Du côté des enfants, le couple Cédat-Pomier a donné naissance dans plusieurs communes : d'abord à Lanarce en 1798-1803, puis à St-Paul-de-Tartas (Haute-Loire) en 1809, et enfin à Lespéron en 1811-1814. Je n'ai pas trouvé où était née Margueritte Cédat, donc je pense qu'elle est née dans une 4ème commune, entre Lanarce et Saint-Paul-de-Tartas. Les seuls actes de naissance où l'âge de Jacques Cédat est précisé sont ceux de son fils Jacques le 07/09/1811 (45 ans) et de sa fille Anne Marie le 16/01/1814 (48 ans, même s'il est inexplicablement prénommé "Louis" au lieu de "Jacques").

Le dernier acte d'état-civil où j'ai réussi à trouver mention de l'âge de notre présumé centenaire est l'acte de mariage de son frère Claude Sedat (31 ans) avec Anne Robert, le 10/10/1809 à Mazan. Jacques Sedat y est dit âgé de 33 ans.

L'ensemble des âges indiqués dans les documents cités permet de construire le graphique suivant, où le trait rouge figure le mariage des parents de Jacques, Mathieu Cedat et Jeanne Martin, célébré le 30/05/1770 à Coucouron :


On constate que plusieurs documents situent la naissance de Jacques Cédat avant le mariage de ses parents. Pourtant, rien n'indique que l'un ou l'autre ait pu être marié ou avoir eu des enfants naturels avant leur union. J'aurais tendance à penser que, sur les actes de naissance de ses enfants en 1811 et 1814, Jacques Cédat a été involontairement vieilli de 10 ans, et que, sur les actes plus récents, il s'agit simplement d'un phénomène classique d'inflation de longévité.

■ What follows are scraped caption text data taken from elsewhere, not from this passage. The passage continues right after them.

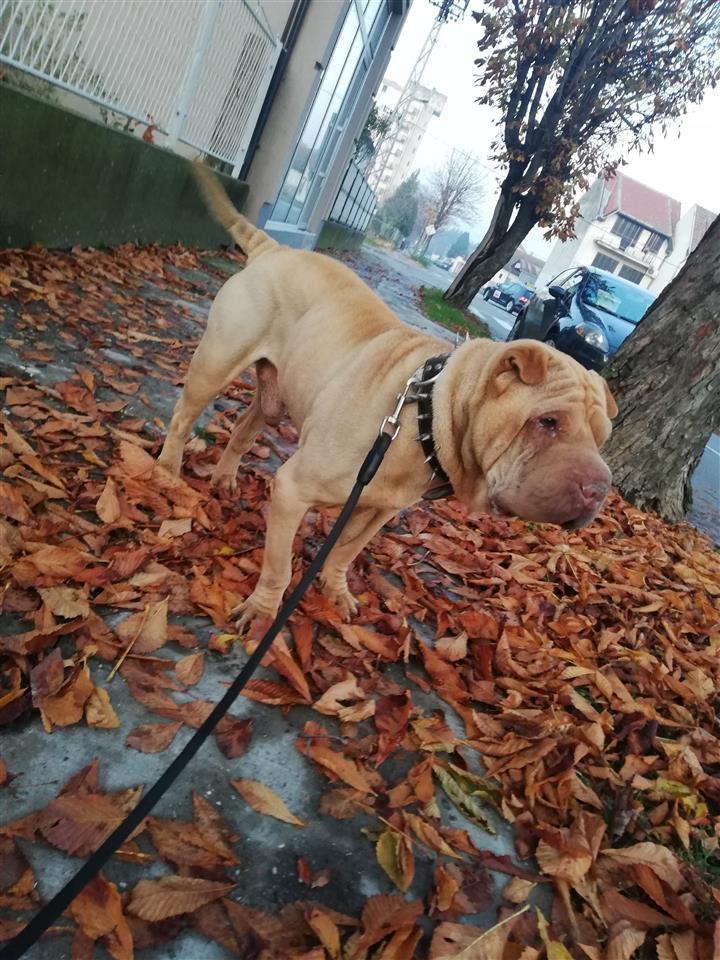 Shar-Pei-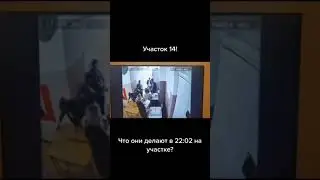 Ночной выбор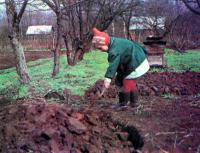 Pregătirea solului de grădină de legume în toamnă (grădină de legume - sfaturi)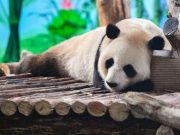 Cina: 4 panda giganti fanno debutto pubblico nella nuova casa a Lanzhou
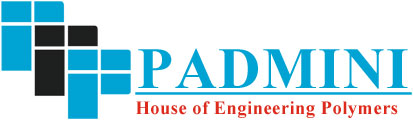 Padmini Innovative Marketing Solutions logo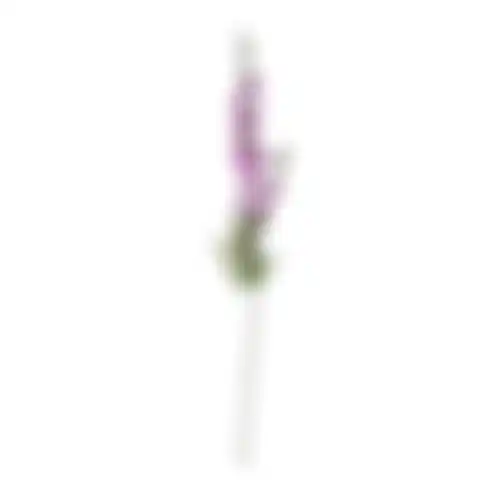 Bloem Delphinium paars 78cm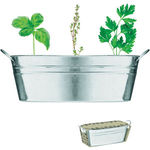 Zinc Tub With 3 Herbs Seeds
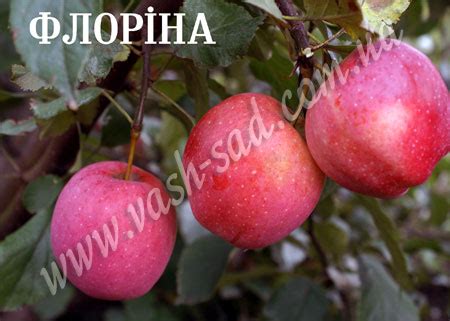 Плодовый питомник, плодовые деревья, яблоня, сорт яблони Флорина ...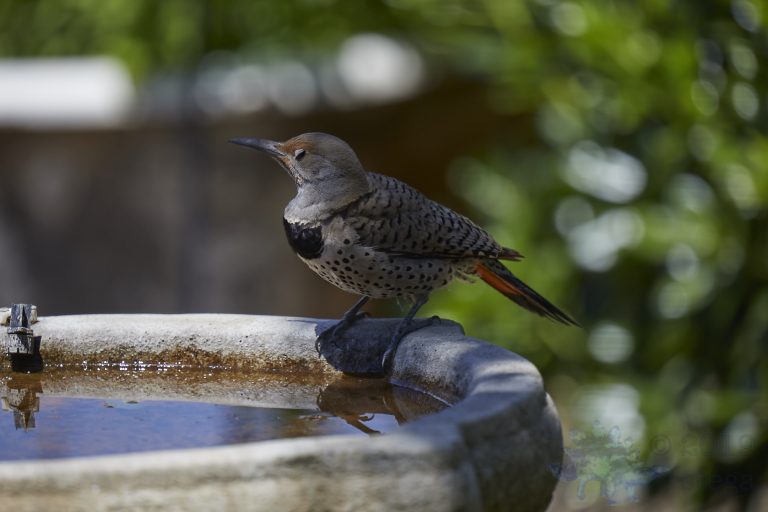 Northern Flicker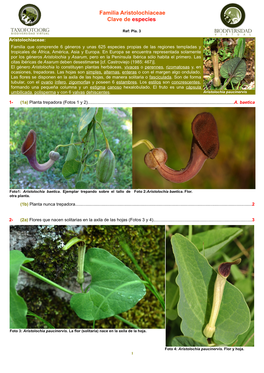 Familia Aristolochiaceae Clave De Especies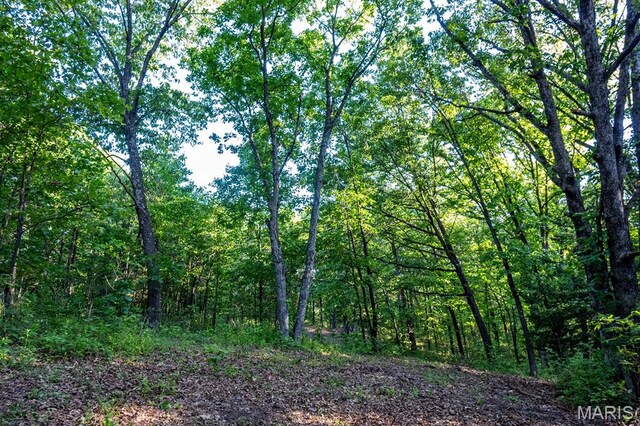 00 Tickridge Rd, Elsberry, MO 63377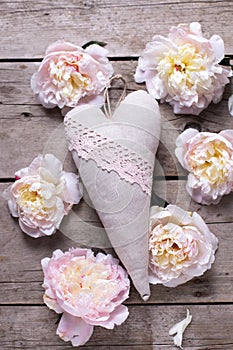 Decorative heart and pink peonies flowers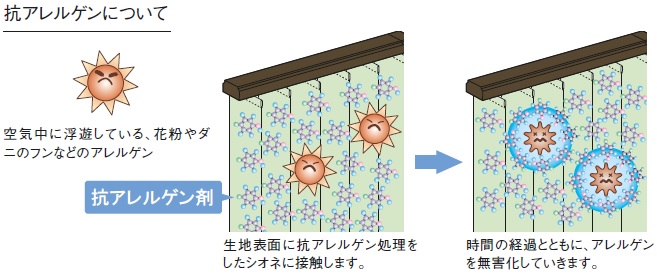 シオネ抗アレルゲン効果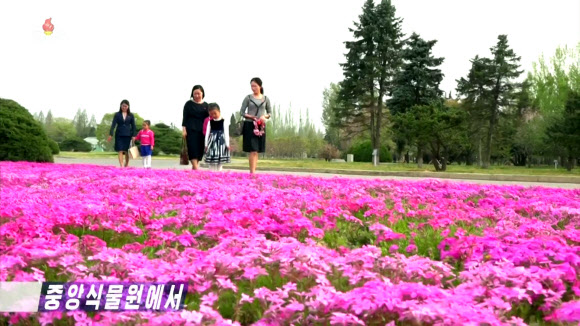 북한의 대표식물원인 중앙식물원에 봄꽃들이 만발했다고 조선중앙TV가 28일 방영했다. TV는 이곳 중앙식물원은 4-6월 사이 꽃들이 만개하여 북한 주민들이 즐겨 찾고 있다고 소개했다.봄을 맞아 식물원을 찾은 북한 주민들의 모습. 2024.4.28  연합뉴스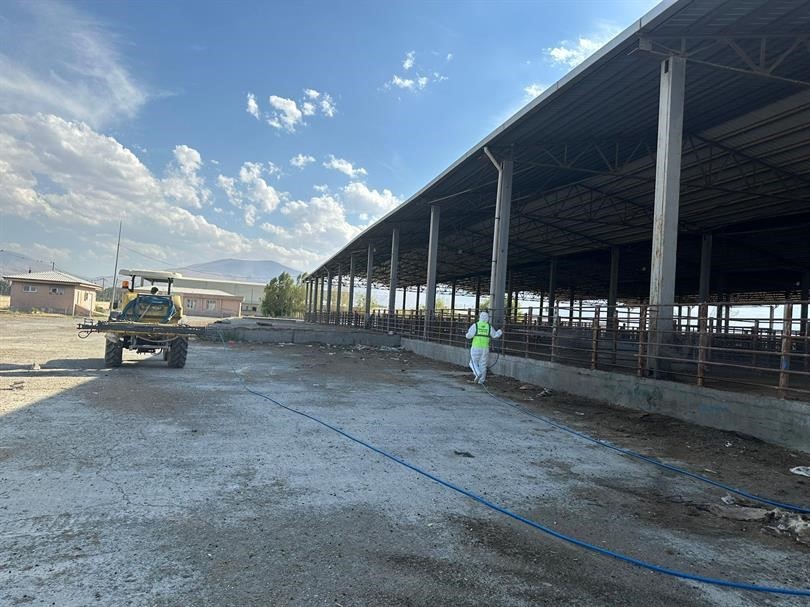 Hayvan pazarında dezenfeksiyon çalışması yapıldı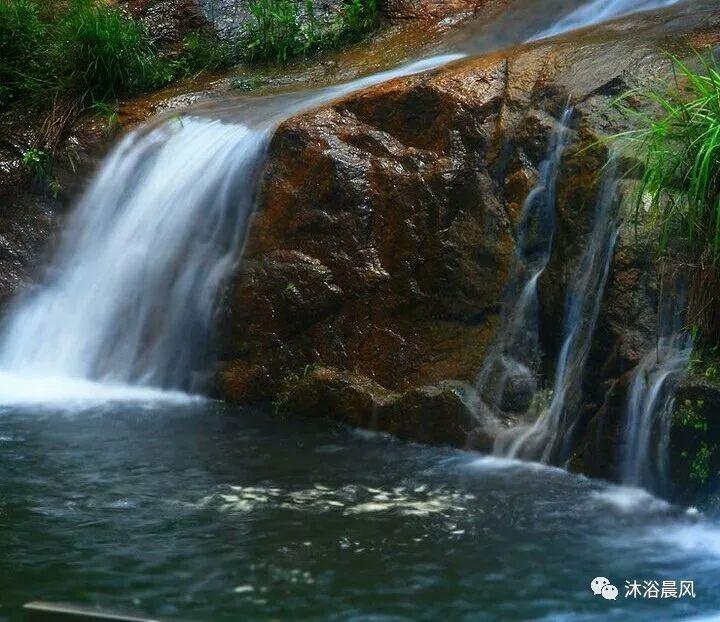 爱吃的鱼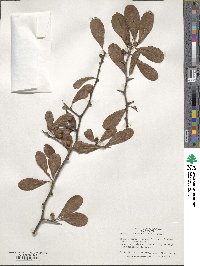 Sideroxylon lanuginosum image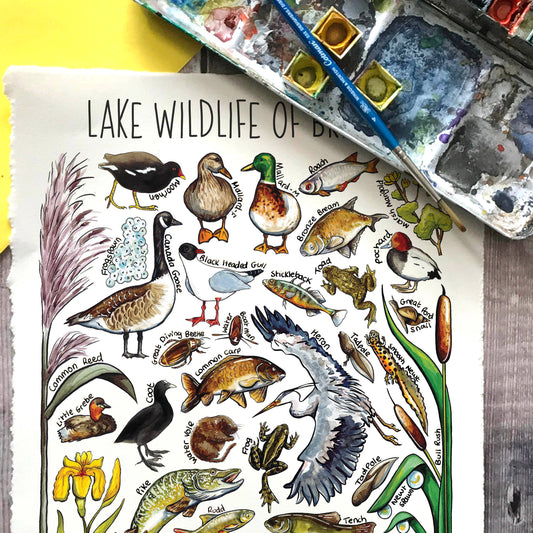 'Lake Wildlife of Britain' Blank Postcard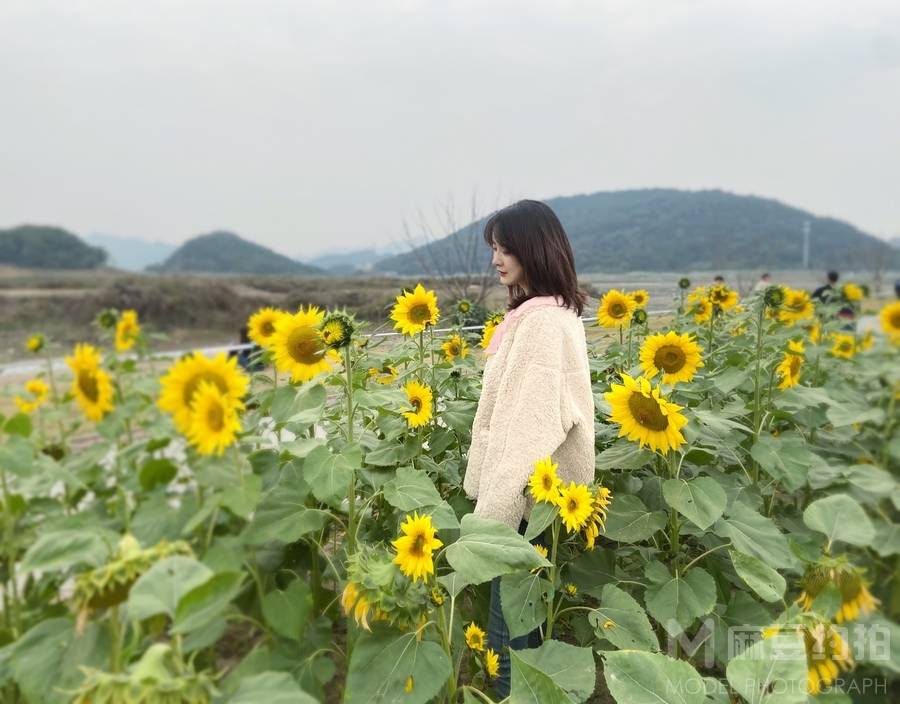 韩系模特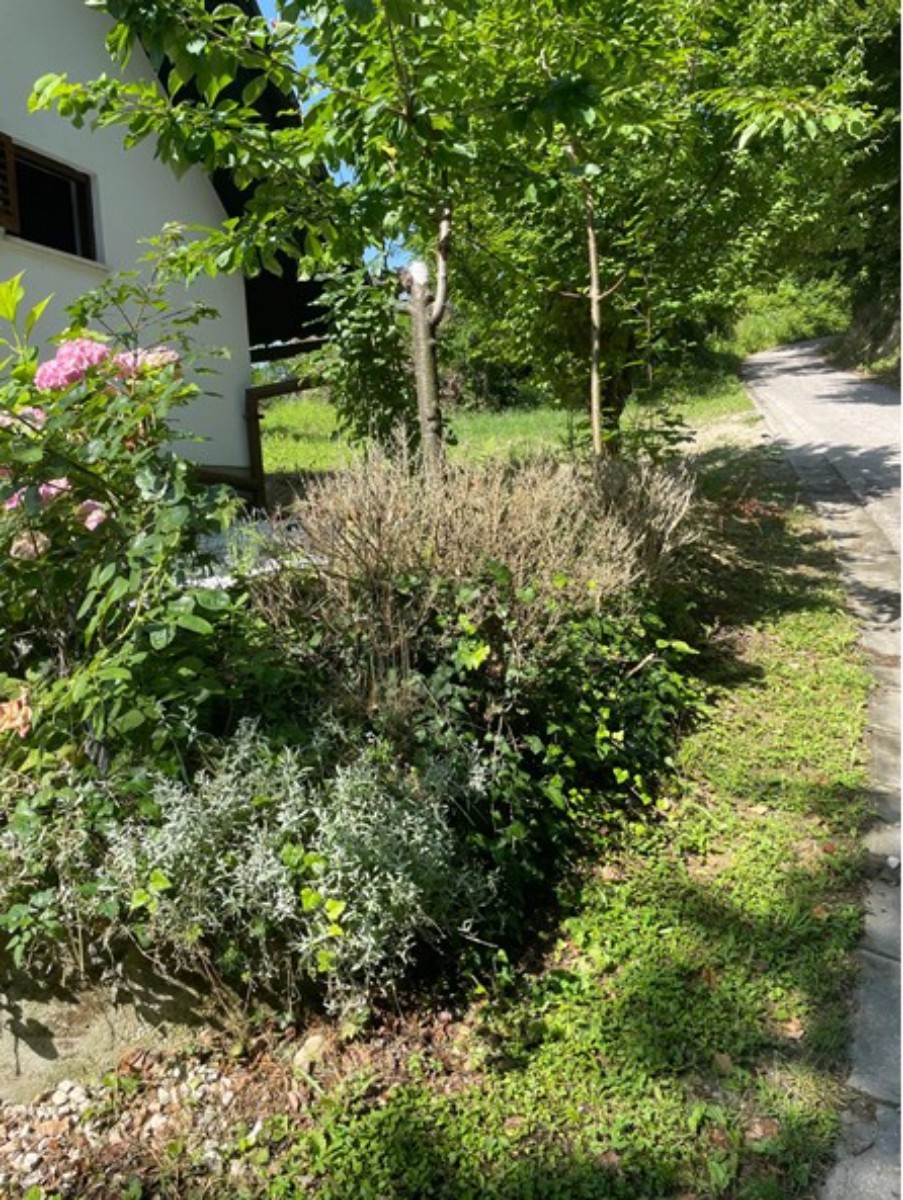 Vendita, Casa, Gornja Voća, Gornja Voća, Indipendente, 78m2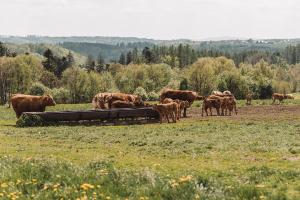 Zvieratá na farme alebo blízkom okolí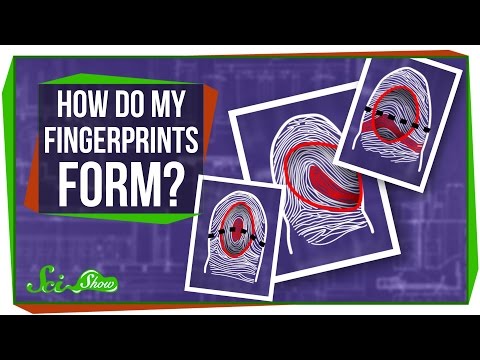 How Do My Fingerprints Form?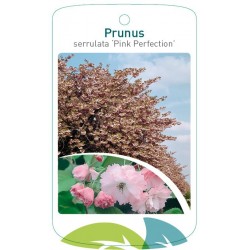 Prunus serrulata 'Pink...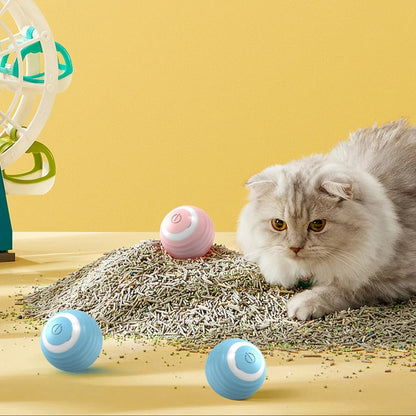Cat Interactive Ball - Paw World Shop™
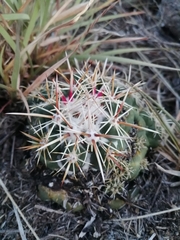 Coryphantha ottonis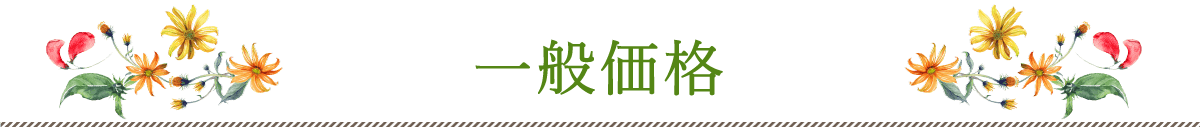 一般価格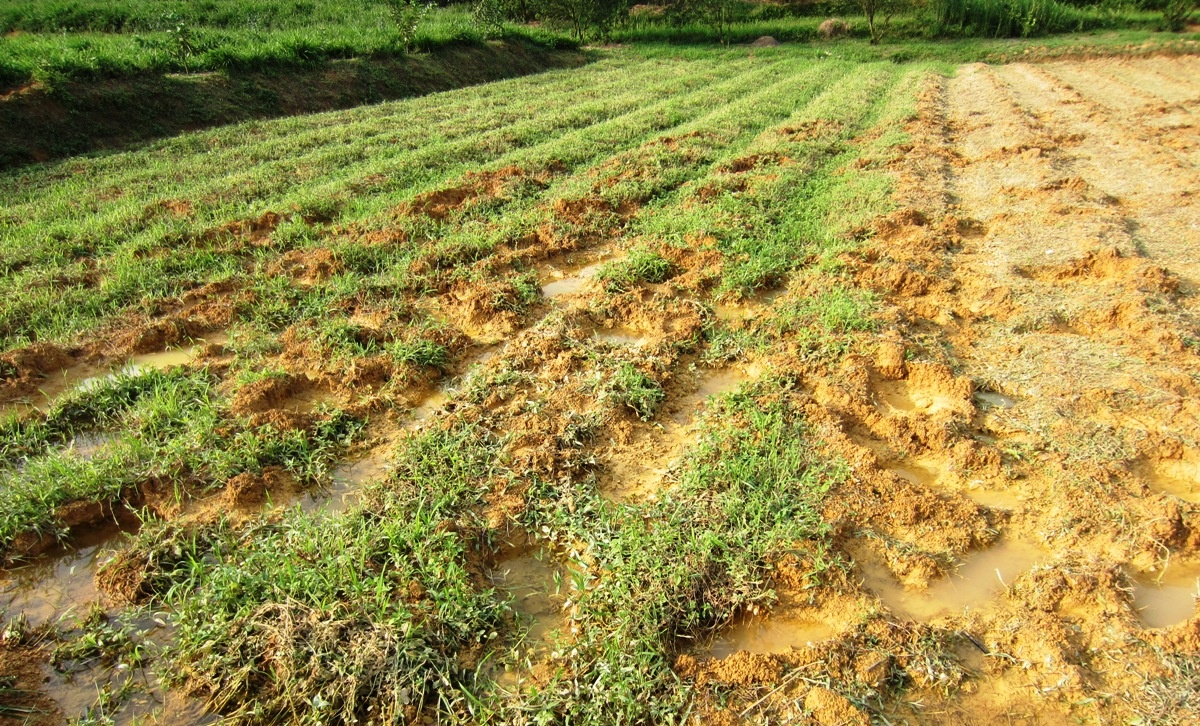 Voi rung pha hoa mau o Nghe An anh 1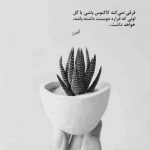 آهنگ منو تو مسافریم چمدونتو ببند باید بریم اینجا بازار یه رنگی ساکته عشق فقط حرفه واسه یه رابطه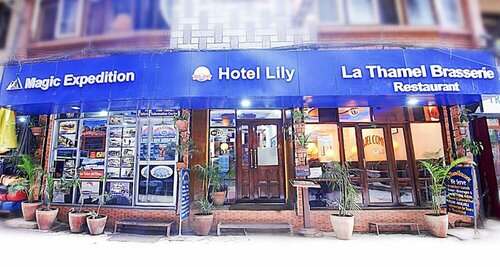Гостиница Hotel Lily Kathmandu в Багмати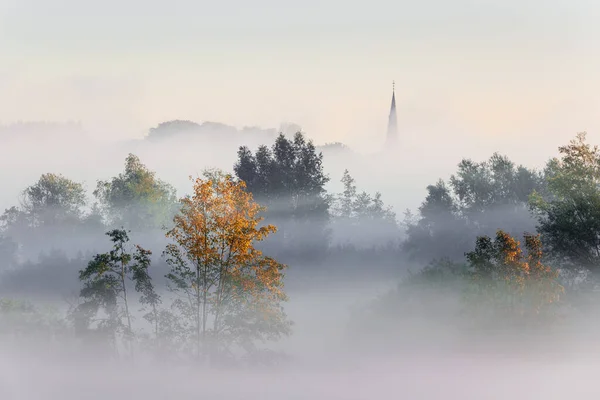 Flanders 'da Tielrode Kilisesi' ne doğru manzaralı gerçek bir sisli manzara..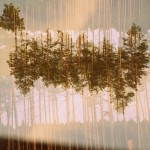 Fot. Weronika Banaszczyk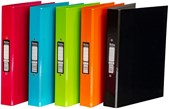 Pukka Assorted Ringbinder A4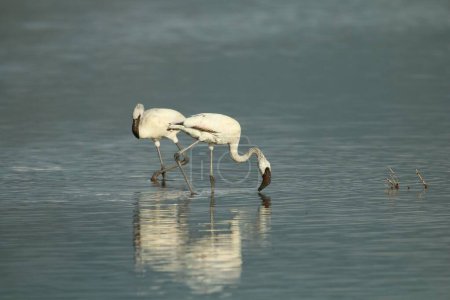 Photo for The close-up view of two black-billed white Greater flamingos in the water - Royalty Free Image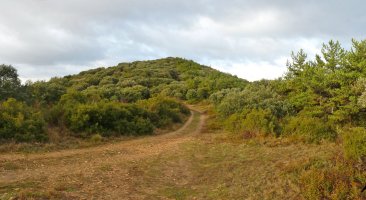 Txaparro eta San Martin arteko lepoa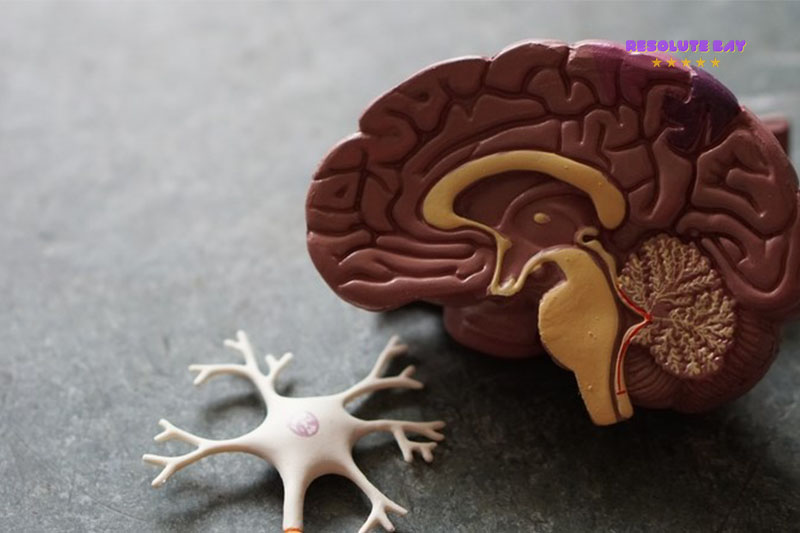 Sa sút trí tuệ và bệnh Alzheimer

Si l'on accepte mes hypothèses, Jacques Cédat serait mathématiquement né vers 1776. Deux éléments semblent aller dans le sens de cette déduction :
1) Jacques Cédat ne serait pas l'aîné de sa fratrie, car sa sœur Jeanne est née le 06/03/1771 à Coucouron (9 mois après le mariage de ses parents) et qu'il n'y a pas de lacune dans les registres avant la naissance de son autre sœur Marie le 20/04/1773 dans la même paroisse. Lanarce n'était pas une paroisse à l'époque, et Jeanne comme Marie sont nées au lieu-dit Trespis, qui semble plus ou moins confondu avec le Chambon de Lanarce.
2) Dans l'acte de mariage de son frère Claude en 1809, ce dernier est dit âgé de 31 ans et Jacques de 33, ce qui sous-entendrait que Jacques aurait environ 2 ans de plus que lui. Or, contrairement à l'âge de Jacques, celui de Claude reste remarquablement constant au cours du temps, ce qui voudrait dire qu'il est réellement né vers 1778. Par voie de conséquence, si leur écart d'âge était fiable, Jacques serait également né vers 1776. Malheureusement, malgré des recherches dans les paroisses des environs, je n'ai pu mettre la main sur l'acte de baptême d'aucun des deux frères.

Dans tous les cas, Jacques Cédat ne peut pas avoir été centenaire. J'estime son âge réel à 94 ans environ.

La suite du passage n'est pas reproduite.